Esses "acidentes de percurso" fizeram com que vários países europeus começassem a repensar seus programas de energia alternativa, para não ficarem reféns de tipos de energia que dependem dos países que possuem as reservas naturais. Os investimentos em biodiesel mais que dobraram nos últimos três anos e já representam 10% de todos os investimentos no mundo em energia. No ano passado, cresceu mais 30%.

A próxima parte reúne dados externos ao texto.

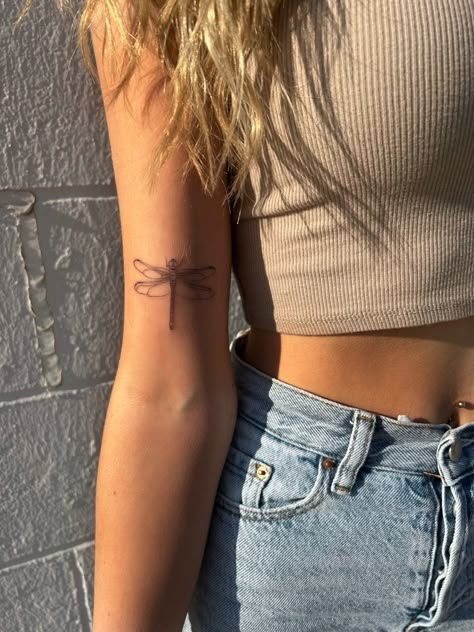 Tattoo Blonde Hair Jeans White Background Dragonfly Tan Dragonfly Bicep Tattoo, Shaded Dragonfly Tattoo, Dragonfly Tattoo On Arm, Dragonfly Tattoo Wrist, Dragonfly Arm Tattoo, Dragonfly Tattoo Placement, Dragonfly Tattoo Arm, Dragonfly Fashion, Tattoo Map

O Brasil é o líder mundial de produção de etanol através da cana-de-açúcar, e a Europa é o maior produtor de biodiesel, sendo a Alemanha responsável por mais da metade da produção. O Brasil tem carro movido a etanol desde 1979, e chegou a vender no ano passado um milhão de automóveis com a tecnologia flex fuel. O etanol da cana-de-açúcar tem uma eficiência até seis vezes maior do que o produzido com o trigo e o milho, como se faz nos Estados Unidos. Por ser menos competitivo, o governo americano subsidia os produtores.

O presidente da Associação Brasileira das Indústrias de Biodiesel, Nivaldo Rubens, fez em sua apresentação a defesa da indústria brasileira, e uma crítica à maneira como está montado o sistema de produção de biodiesel no país. Para ele, é preciso definir que a produção de combustíveis alternativos deve ser baseada prioritariamente em matéria-prima que não sirva como alimento. Com isso, criticou tanto a produção de etanol através do milho e do trigo, quanto a fabricação de biodiesel pela soja. O preço dos alimentos sobe pela pressão do mercado e acaba havendo escassez do produto para a alimentação, ressaltou.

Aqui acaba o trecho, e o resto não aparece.